Usine Menier, l'empire du chocolat
Sur les bords de Marne, l'usine Menier est l'ancienne fabrique de chocolat de Noisiel. Témoignage de la puissance de la famille Menier, la fabrique est l’un des fleurons de notre patrimoine industriel. L'usine Menier, complètement réhabilitée, a été rachetée par Nestlé-France qui en a fait depuis son siège social.
Un lieu délicieux
Souvenez-vous, dans Charlie et la chocolaterie, de ce gamin tout ébloui en découvrant une fabrique de friandises… C’est un peu l’impression que l’on ressent lorsque l’on pénètre dans l’ancienne usine Menier, à Noisiel en Seine-et-Marne. Pas pour le chocolat, puisqu’on n’en fabrique plus depuis 1992, mais pour le décor, étonnant de luxe et d’inventivité.
Tout en étant d’une grande modernité technique pour son temps, l’usine présente une architecture d’avant-garde soucieuse d’esthétisme. Il faut éblouir, montrer sa puissance et son ambition.
Nous sommes au cœur de ce qui fut l’empire Menier. C’est ici, sur les bords champêtres de la Marne, que la famille a bâti sa puissance industrielle à partir de 1825. L’entreprise démocratisera un produit de luxe, avec les tablettes de chocolat, elle fera fortune. La splendeur des lieux témoigne de la prospérité de la marque.
La Halle des refroidisseurs
Construite au début des années 1880 par Jules Logre, la halle des refroidisseurs est très inspirée du modèle Baltard très en vogue à l’époque. Sous cette charpente métallique, à grandes baies à armature de fer, se trouvaient les machines destinées à produire du froid artificiel, selon le nouveau système Giffard à détente d’air comprimé. Ainsi, les tablettes de chocolat étaient démoulées dans une atmosphère réfrigérée.
Sous sa charpente métallique se trouvait la première machine à produire du froid artificiel destinée à l’industrie. La confiserie a été métamorphosée en restaurant d’entreprise, le site a trouvé une nouvelle vocation dans les années 1990.

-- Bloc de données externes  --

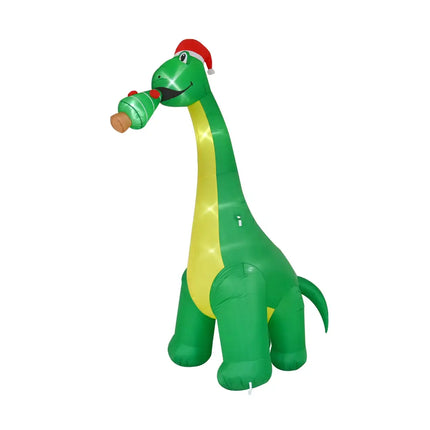 Inflatable green Tyrannosaurus Rex with Santa hat and bottle, featuring LED lights for festive decoration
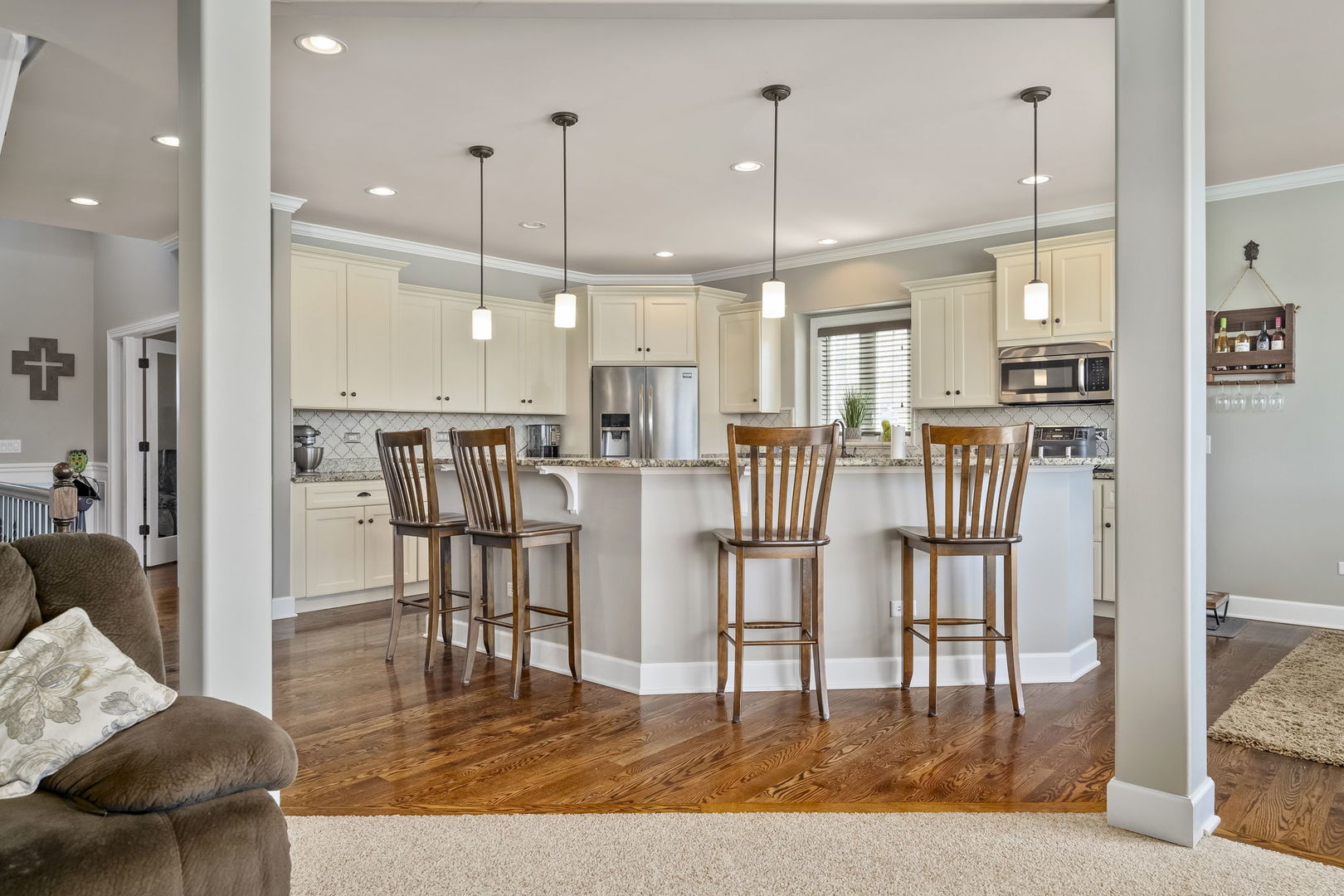 301 Arrowhead Drive Minooka, IL 60447 - Photo 16 of 43 a open kitchen with stainless steel appliances kitchen island granite countertop a refrigerator a stove a dining table and chairs with wooden floor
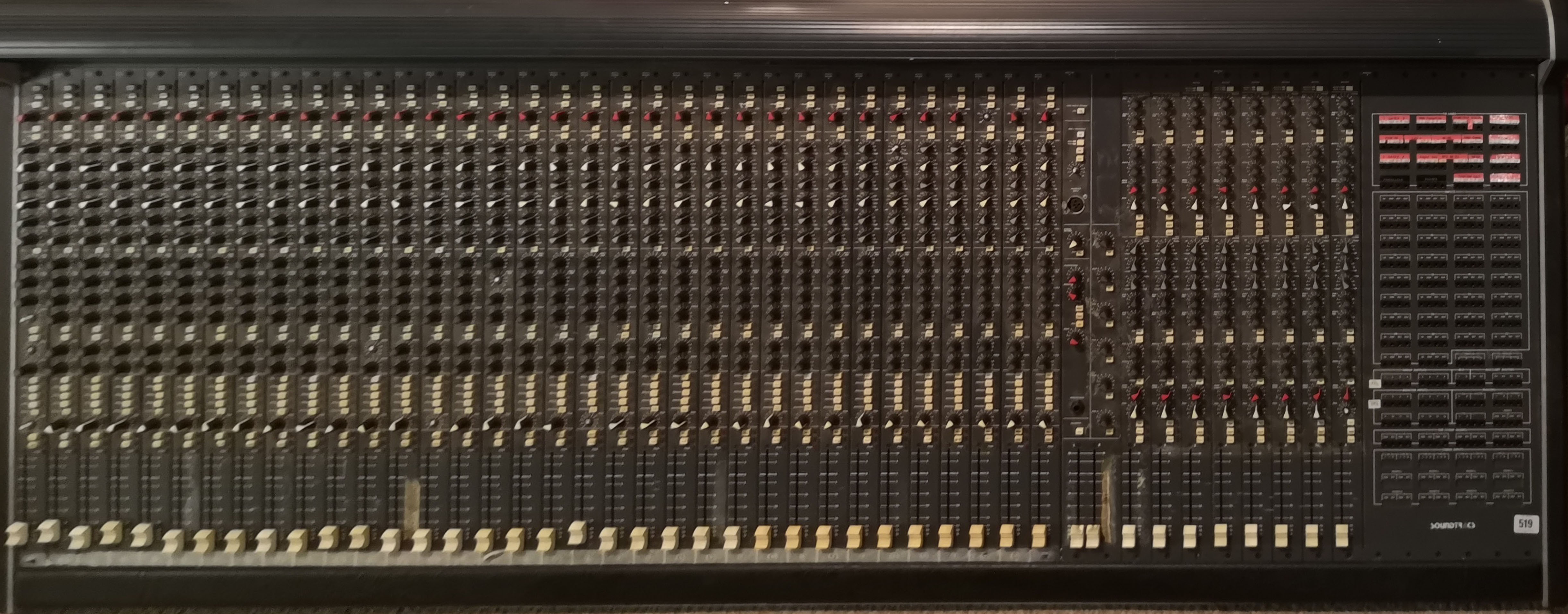 A SOUNDTRACS MRX SERIES ANALOG 32 CHANNEL MIXER Complete with stand and protective cover.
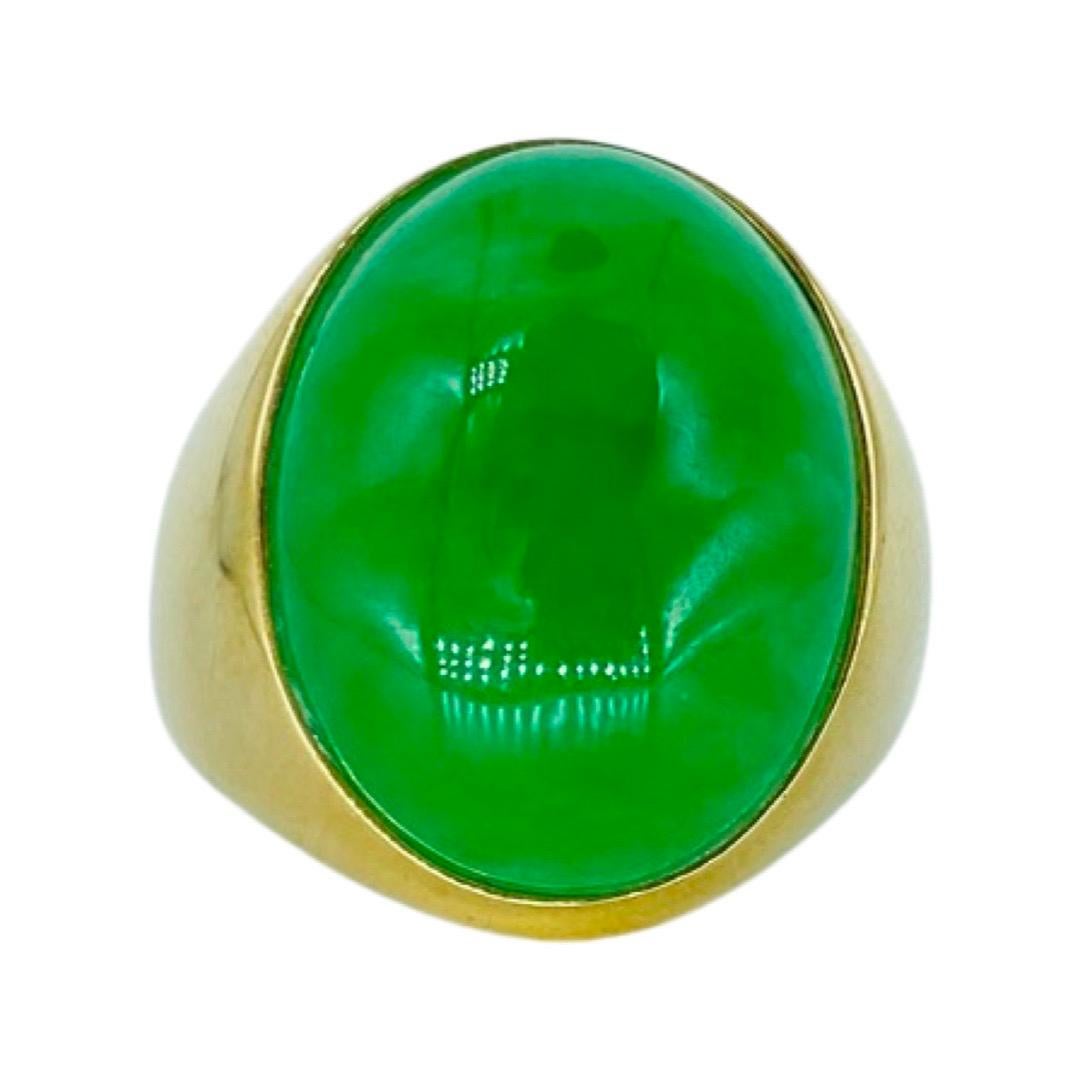 Vintage 16.65 Carat Jade Cabochon Dome Cocktail Ring 14k. The cabochon gemstone is a Jade and measures 20mm X 15mm X 6.85mm for an approx total weight of 16.65 carat. The ring is made of 14 karat gold and is a size 9.5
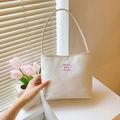Schicke cremefarbene Nylon-Umhängetasche mit rosa Stickerei und Tulpendekoration - Gebrochenes Weiß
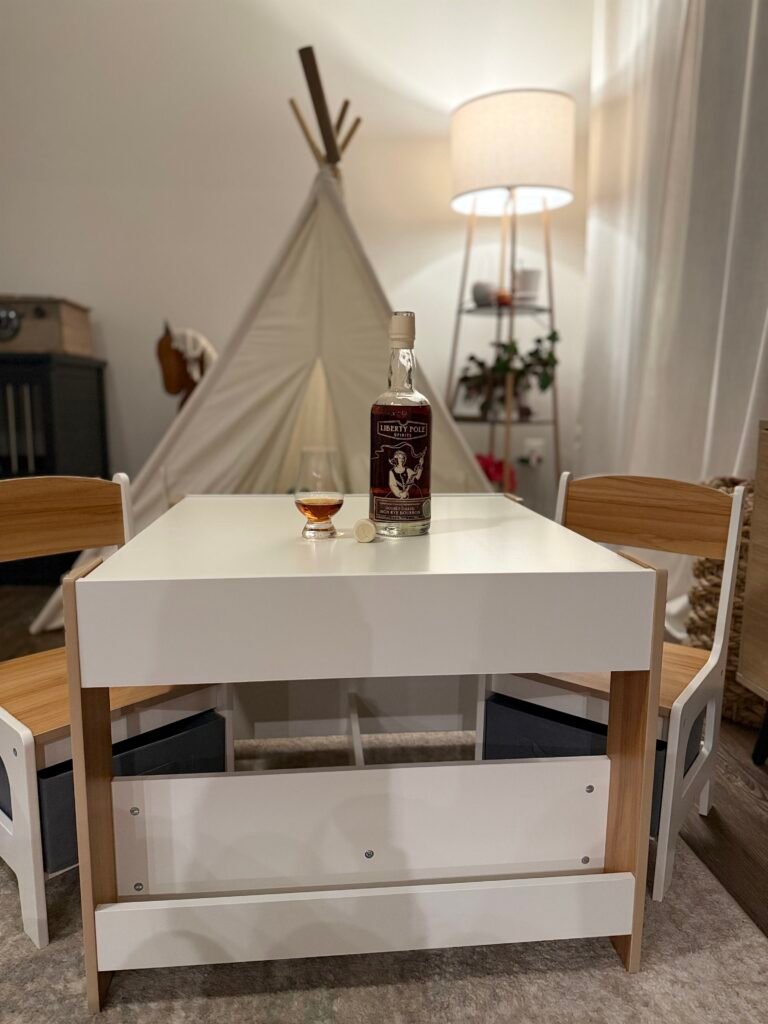 Liberty Pole Double Oaked High Rye Bourbon sitting on finished children's table - liquid encouragement for me to finish my project!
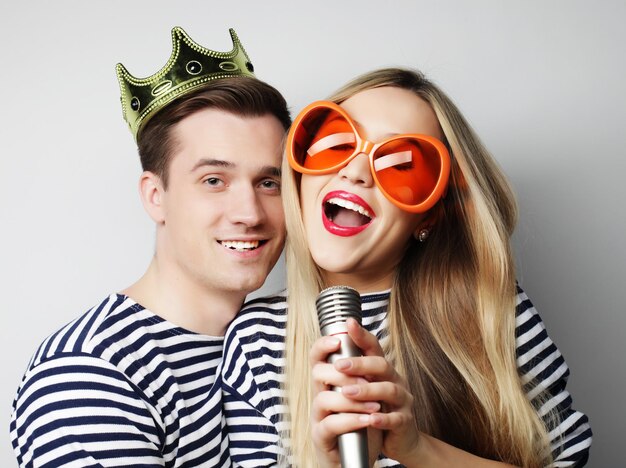 Concetto di persone, amicizia, amore e tempo libero - bella giovane coppia amorosa con microfono. grandi occhiali e corona arancioni. pronto per la festa.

Un moulin pour broyer les fèves de cacao
Voyez l’imposant moulin qui enjambe un bras de la Marne. Conçu par Jules Saulnier en 1871, ce bâtiment, dévolu au broyage des fèves de cacao, est le premier à être doté d’une structure métallique porteuse apparente. Son décor est d’un raffinement extrême avec ses briques ocre rose vernissées, ses céramiques, ses motifs de fleur de cacao ou ses M à la gloire de Menier.
La cathédrale
Derrière, s’élève, spectaculaire, la cathédrale, que les ouvriers appelaient ainsi pour sa hauteur et ses larges baies vitrées. Signé en 1906 par Stephen Sauvestre, collaborateur de Gustave Eiffel, cet édifice a été l’un des premiers bâtiments en béton armé en France.
Pénétrez à l’intérieur pour découvrir, au rez-de-chaussée, une salle de toute beauté, avec son pavage délicat et ses hautes colonnes. Elle était dédiée au malaxage du cacao et du sucre, qui arrivaient alors par wagon (l’usine fut raccordée en 1881 au réseau ferré national par des voies qui rejoignent l’échangeur d’Émerainville).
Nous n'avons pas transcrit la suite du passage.